Problem requirements: Go through the data and copy every line exactly, but not the images.

Working data:

────────────────────────────────────────

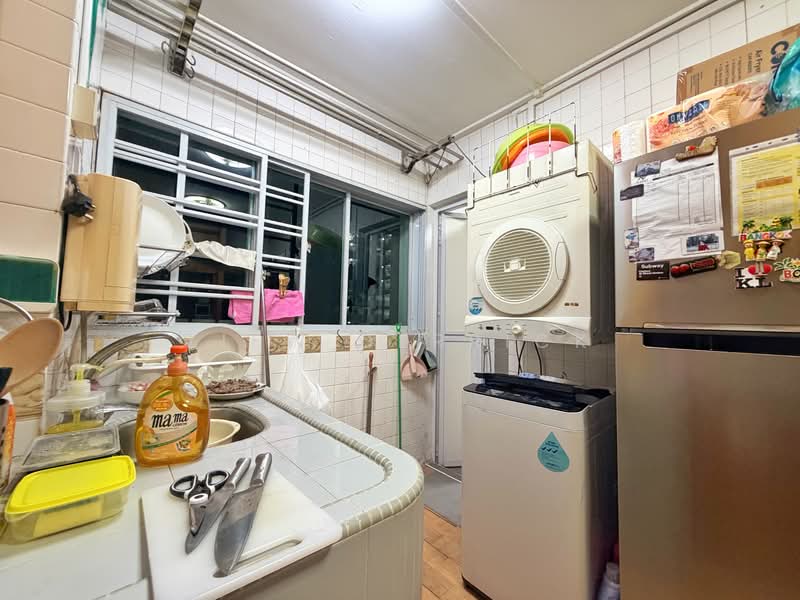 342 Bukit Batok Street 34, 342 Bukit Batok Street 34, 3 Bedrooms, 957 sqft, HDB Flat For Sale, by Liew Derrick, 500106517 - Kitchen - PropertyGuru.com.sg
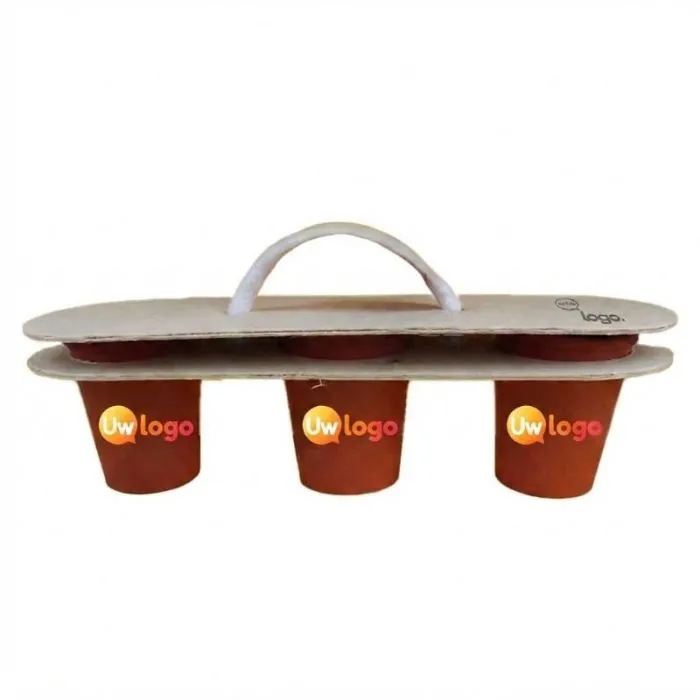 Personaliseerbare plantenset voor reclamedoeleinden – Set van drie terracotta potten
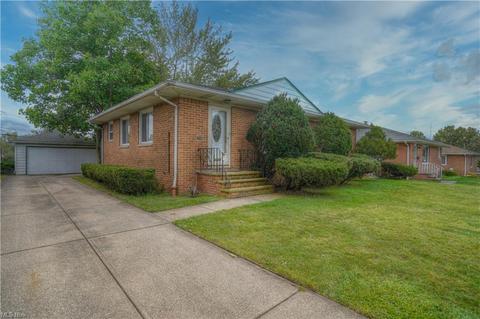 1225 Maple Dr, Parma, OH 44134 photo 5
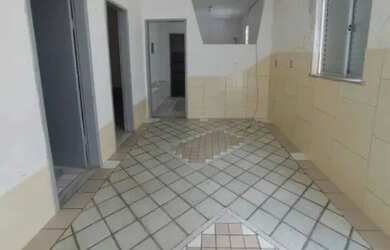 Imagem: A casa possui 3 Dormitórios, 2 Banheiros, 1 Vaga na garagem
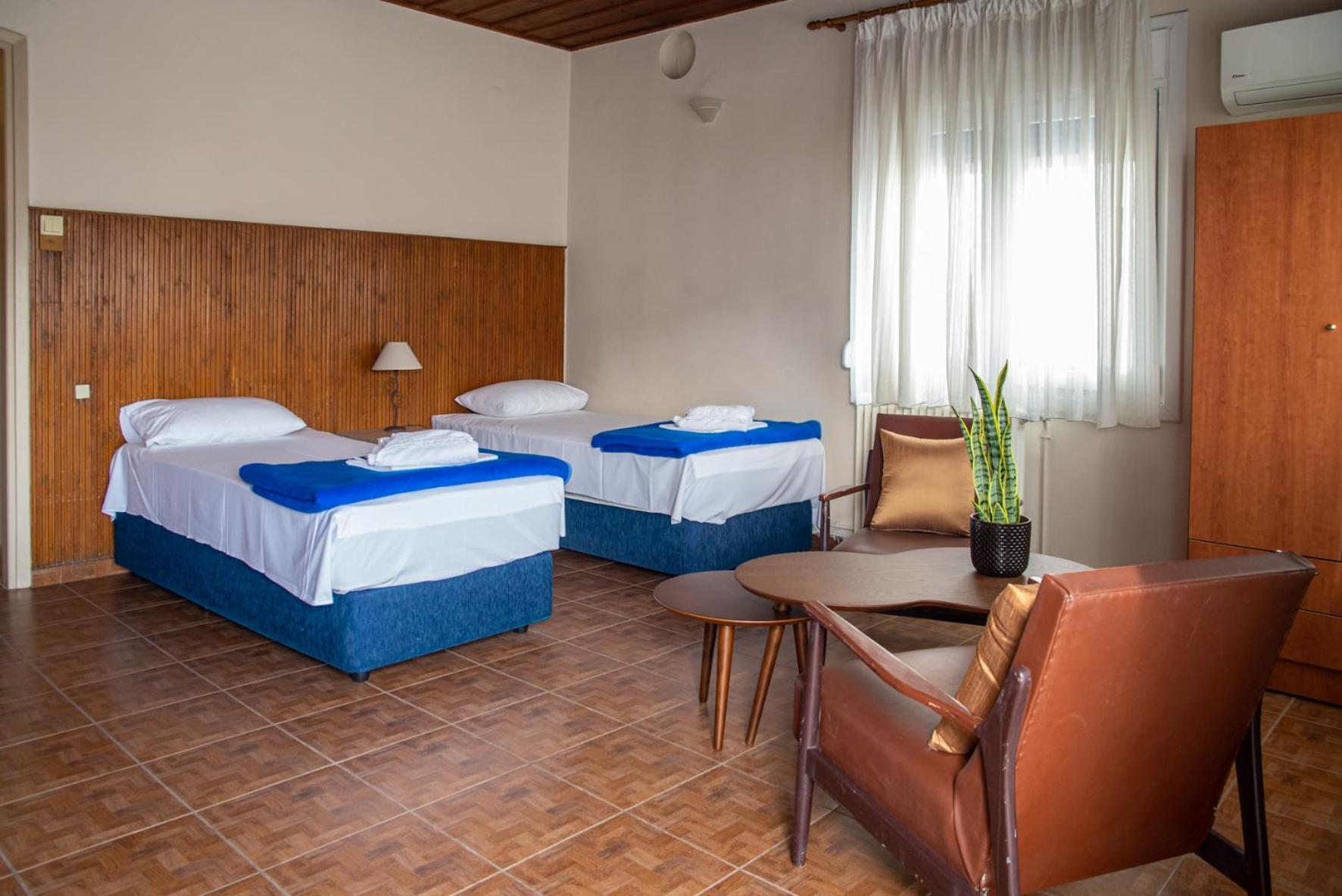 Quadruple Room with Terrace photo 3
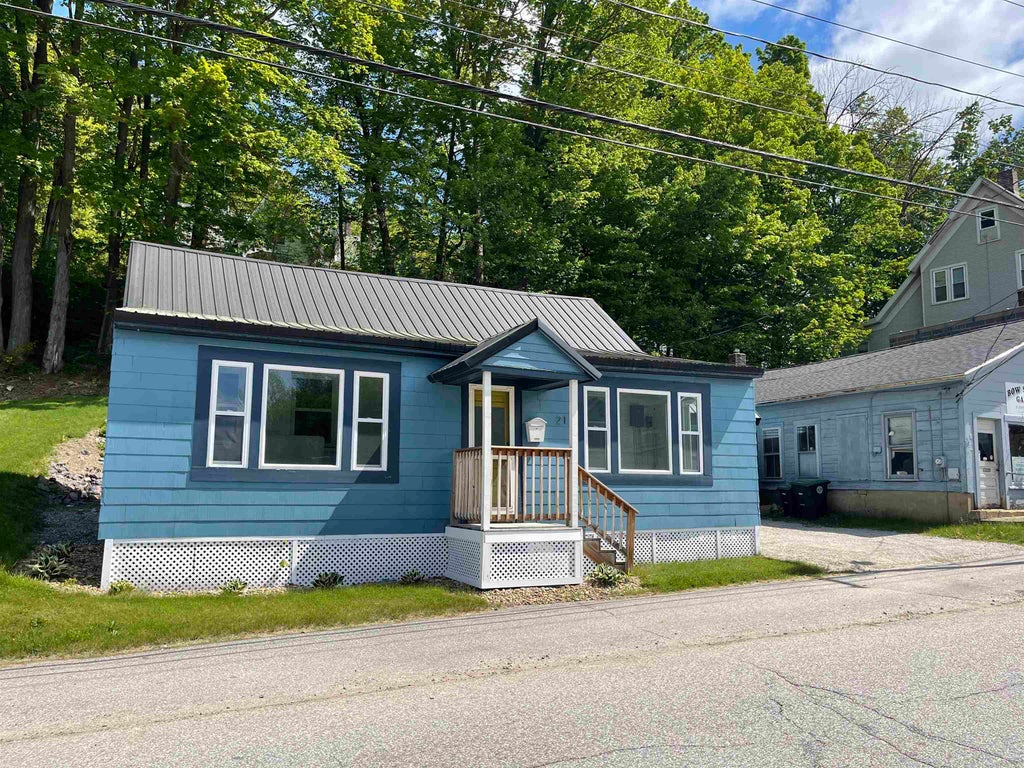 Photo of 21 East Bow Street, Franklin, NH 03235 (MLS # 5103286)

────────────────────────────────────────

Answer:
 342 Bukit Batok Street 34, 342 Bukit Batok Street 34, 3 Bedrooms, 957 sqft, HDB Flat For Sale, by Liew Derrick, 500106517 - Kitchen - PropertyGuru.com.sg
 Personaliseerbare plantenset voor reclamedoeleinden – Set van drie terracotta potten
 1225 Maple Dr, Parma, OH 44134 photo 5
 Imagem: A casa possui 3 Dormitórios, 2 Banheiros, 1 Vaga na garagem
 Quadruple Room with Terrace photo 3
 Photo of 21 East Bow Street, Franklin, NH 03235 (MLS # 5103286)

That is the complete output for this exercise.